Hi @MarkusPiotrowski NEB's calculator gives different values depending on the polymerase that will be used, and overall does a more complex calculation from what the others said. When I was doing PCR I was never too concerned with exact Tm calculations but it seems some people trust NEB's calculator over anything else and would exclude tools that use other Tm calculations.

MarkusPiotrowski · 2024-07-17T14:50:34Z

@manulera I'm the author of Biopython's MeltingTemp. There are several options that are usually applied for calculating Tm's with the nearest neighbor thermodynamic method:

Initialization (different methods are used in literature).
"Zipping", again different tables with thermodynamic data are available.
Salt correction. There are different methods and, of course, you can set different values.

I would wonder if NEB uses a "more sophisticated" method and if their results can't be simulated with Biopython's MeltingTemp. I guess it's a question of finding the right parameters, and there are numerous possibilities for them. And of course they may have different parameters for different enzymes.

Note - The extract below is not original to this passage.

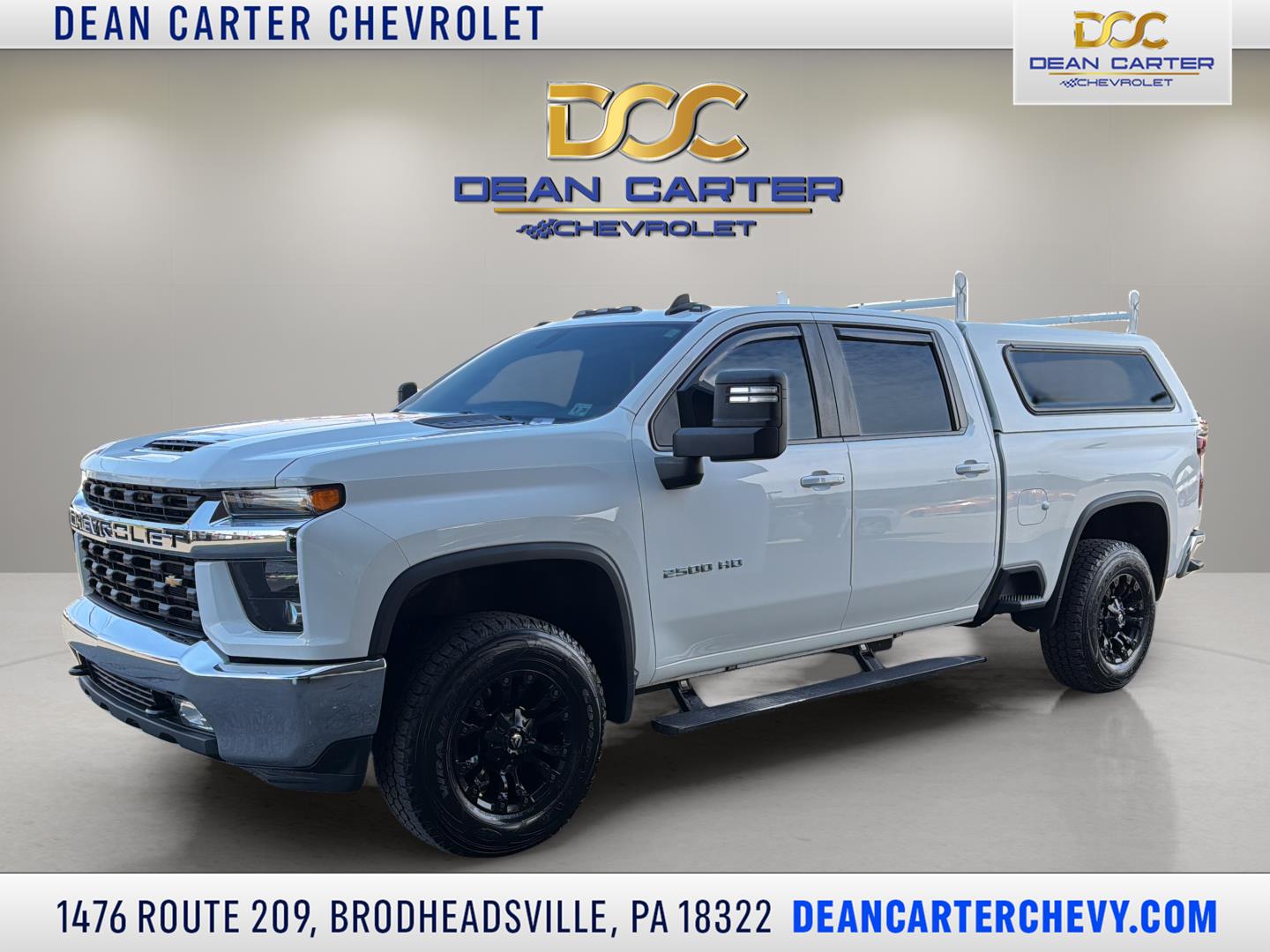 Used 2021 Chevrolet Silverado 2500 HD Image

Their own help page gives some details (if they stick to them and is still up-to-date): https://tmcalculator.neb.com/#!/help
E.g. they write that they use different salt correction method for Phusion.

BjornFJohansson · 2024-07-17T18:56:27Z

@MarkusPiotrowski @manulera @hiyama341 Please have a look at this comparison Biopython vs NEB Seems like there is a ~7 degree difference for a large list of primers. I replicated the behaviour as best I could given the sometimes incomplete information given by NEB.

BjornFJohansson · 2024-07-17T20:00:46Z

In this repo they somehow run the NEB Tm Calculator from Python.

https://github.com/kalekundert/ligrna

MarkusPiotrowski · 2024-07-18T11:26:16Z

@BjornFJohansson Thanks for the pointers tho these pages.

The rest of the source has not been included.